Source material:
#####

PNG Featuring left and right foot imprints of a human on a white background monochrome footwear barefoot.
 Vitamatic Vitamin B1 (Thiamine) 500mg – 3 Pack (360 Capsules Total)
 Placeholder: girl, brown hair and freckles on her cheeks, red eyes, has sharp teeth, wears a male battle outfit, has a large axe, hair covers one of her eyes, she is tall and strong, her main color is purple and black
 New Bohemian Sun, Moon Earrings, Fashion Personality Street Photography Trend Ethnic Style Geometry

#####

Exercise details: With no line skipped, output the listing in full.

Answer box:
PNG Featuring left and right foot imprints of a human on a white background monochrome footwear barefoot.
 Vitamatic Vitamin B1 (Thiamine) 500mg – 3 Pack (360 Capsules Total)
 Placeholder: girl, brown hair and freckles on her cheeks, red eyes, has sharp teeth, wears a male battle outfit, has a large axe, hair covers one of her eyes, she is tall and strong, her main color is purple and black
 New Bohemian Sun, Moon Earrings, Fashion Personality Street Photography Trend Ethnic Style Geometry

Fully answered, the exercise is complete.